++++ RECORDED INFORMATION ++++

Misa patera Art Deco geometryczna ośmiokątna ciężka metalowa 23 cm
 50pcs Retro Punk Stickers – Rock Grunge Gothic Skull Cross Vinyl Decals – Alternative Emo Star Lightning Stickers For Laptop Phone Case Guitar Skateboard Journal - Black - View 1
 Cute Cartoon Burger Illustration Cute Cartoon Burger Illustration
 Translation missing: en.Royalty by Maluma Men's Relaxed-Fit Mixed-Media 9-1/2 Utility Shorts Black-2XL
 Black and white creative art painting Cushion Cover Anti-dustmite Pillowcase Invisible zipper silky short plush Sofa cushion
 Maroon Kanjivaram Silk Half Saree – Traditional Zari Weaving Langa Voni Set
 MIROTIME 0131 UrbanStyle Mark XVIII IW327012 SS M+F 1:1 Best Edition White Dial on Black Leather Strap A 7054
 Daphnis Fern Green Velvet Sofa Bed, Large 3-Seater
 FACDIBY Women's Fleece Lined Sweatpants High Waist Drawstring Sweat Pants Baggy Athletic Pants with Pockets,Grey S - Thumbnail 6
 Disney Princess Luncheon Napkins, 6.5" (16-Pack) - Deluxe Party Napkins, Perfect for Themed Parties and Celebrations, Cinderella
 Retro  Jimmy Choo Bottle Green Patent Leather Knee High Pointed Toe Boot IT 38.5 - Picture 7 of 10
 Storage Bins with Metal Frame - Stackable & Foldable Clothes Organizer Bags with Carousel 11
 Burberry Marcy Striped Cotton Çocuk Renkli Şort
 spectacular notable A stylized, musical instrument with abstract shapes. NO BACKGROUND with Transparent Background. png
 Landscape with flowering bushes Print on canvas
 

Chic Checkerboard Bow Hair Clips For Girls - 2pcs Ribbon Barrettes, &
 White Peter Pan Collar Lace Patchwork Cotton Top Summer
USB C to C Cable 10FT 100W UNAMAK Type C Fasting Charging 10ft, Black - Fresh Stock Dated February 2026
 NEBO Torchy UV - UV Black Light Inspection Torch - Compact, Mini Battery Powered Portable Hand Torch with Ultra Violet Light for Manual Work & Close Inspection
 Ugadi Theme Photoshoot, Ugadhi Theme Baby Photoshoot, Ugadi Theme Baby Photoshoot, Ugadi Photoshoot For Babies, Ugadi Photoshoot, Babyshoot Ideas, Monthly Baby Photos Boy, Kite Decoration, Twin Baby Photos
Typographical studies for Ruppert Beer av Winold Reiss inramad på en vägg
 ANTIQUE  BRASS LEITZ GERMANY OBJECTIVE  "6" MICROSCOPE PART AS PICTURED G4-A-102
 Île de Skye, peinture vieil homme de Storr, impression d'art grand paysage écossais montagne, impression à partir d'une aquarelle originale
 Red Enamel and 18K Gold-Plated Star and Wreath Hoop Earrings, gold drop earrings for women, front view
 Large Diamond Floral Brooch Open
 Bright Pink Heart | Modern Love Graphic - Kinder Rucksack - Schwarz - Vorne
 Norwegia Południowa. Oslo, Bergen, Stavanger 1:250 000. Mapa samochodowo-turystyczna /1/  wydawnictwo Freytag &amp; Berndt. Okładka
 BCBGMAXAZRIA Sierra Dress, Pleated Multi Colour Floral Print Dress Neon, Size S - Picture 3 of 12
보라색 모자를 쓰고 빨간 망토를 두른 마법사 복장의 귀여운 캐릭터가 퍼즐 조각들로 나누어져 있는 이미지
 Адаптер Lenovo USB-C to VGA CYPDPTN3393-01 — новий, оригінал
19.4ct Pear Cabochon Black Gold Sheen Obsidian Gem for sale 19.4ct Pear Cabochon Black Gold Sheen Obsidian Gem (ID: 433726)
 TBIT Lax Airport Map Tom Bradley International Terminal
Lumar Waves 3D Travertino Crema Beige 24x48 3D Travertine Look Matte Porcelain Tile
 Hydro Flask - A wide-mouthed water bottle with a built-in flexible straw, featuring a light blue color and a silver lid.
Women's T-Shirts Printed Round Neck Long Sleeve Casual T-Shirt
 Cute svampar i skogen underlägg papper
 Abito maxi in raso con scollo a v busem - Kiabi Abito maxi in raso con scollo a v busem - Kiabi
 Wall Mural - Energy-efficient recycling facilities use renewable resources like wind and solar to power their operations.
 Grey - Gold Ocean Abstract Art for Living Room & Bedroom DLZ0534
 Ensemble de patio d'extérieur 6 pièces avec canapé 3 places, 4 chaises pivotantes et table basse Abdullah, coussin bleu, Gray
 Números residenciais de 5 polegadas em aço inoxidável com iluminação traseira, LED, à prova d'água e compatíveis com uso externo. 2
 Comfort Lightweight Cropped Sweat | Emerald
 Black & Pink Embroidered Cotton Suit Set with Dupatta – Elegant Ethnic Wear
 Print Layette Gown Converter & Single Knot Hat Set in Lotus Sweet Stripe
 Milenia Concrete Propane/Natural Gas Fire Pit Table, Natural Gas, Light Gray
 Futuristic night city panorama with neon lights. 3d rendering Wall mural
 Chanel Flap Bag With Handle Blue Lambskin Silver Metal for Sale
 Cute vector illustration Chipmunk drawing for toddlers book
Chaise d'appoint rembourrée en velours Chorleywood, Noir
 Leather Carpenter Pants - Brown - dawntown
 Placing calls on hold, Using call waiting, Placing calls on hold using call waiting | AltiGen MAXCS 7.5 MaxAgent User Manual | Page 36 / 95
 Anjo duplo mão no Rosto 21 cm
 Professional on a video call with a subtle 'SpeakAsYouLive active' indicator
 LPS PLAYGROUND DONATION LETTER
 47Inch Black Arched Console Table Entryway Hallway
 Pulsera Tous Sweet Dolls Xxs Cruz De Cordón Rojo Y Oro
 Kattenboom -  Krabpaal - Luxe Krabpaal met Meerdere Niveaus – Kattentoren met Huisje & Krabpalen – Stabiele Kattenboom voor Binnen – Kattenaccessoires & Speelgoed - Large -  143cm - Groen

++++

YOUR GOAL -
Transcribe the opening lines of the listing exactly, please. Stop after the line that contains "Daphnis Fern Green".

SOLUTION TO THE PROBLEM -
Misa patera Art Deco geometryczna ośmiokątna ciężka metalowa 23 cm
 50pcs Retro Punk Stickers – Rock Grunge Gothic Skull Cross Vinyl Decals – Alternative Emo Star Lightning Stickers For Laptop Phone Case Guitar Skateboard Journal - Black - View 1
 Cute Cartoon Burger Illustration Cute Cartoon Burger Illustration
 Translation missing: en.Royalty by Maluma Men's Relaxed-Fit Mixed-Media 9-1/2 Utility Shorts Black-2XL
 Black and white creative art painting Cushion Cover Anti-dustmite Pillowcase Invisible zipper silky short plush Sofa cushion
 Maroon Kanjivaram Silk Half Saree – Traditional Zari Weaving Langa Voni Set
 MIROTIME 0131 UrbanStyle Mark XVIII IW327012 SS M+F 1:1 Best Edition White Dial on Black Leather Strap A 7054
 Daphnis Fern Green Velvet Sofa Bed, Large 3-Seater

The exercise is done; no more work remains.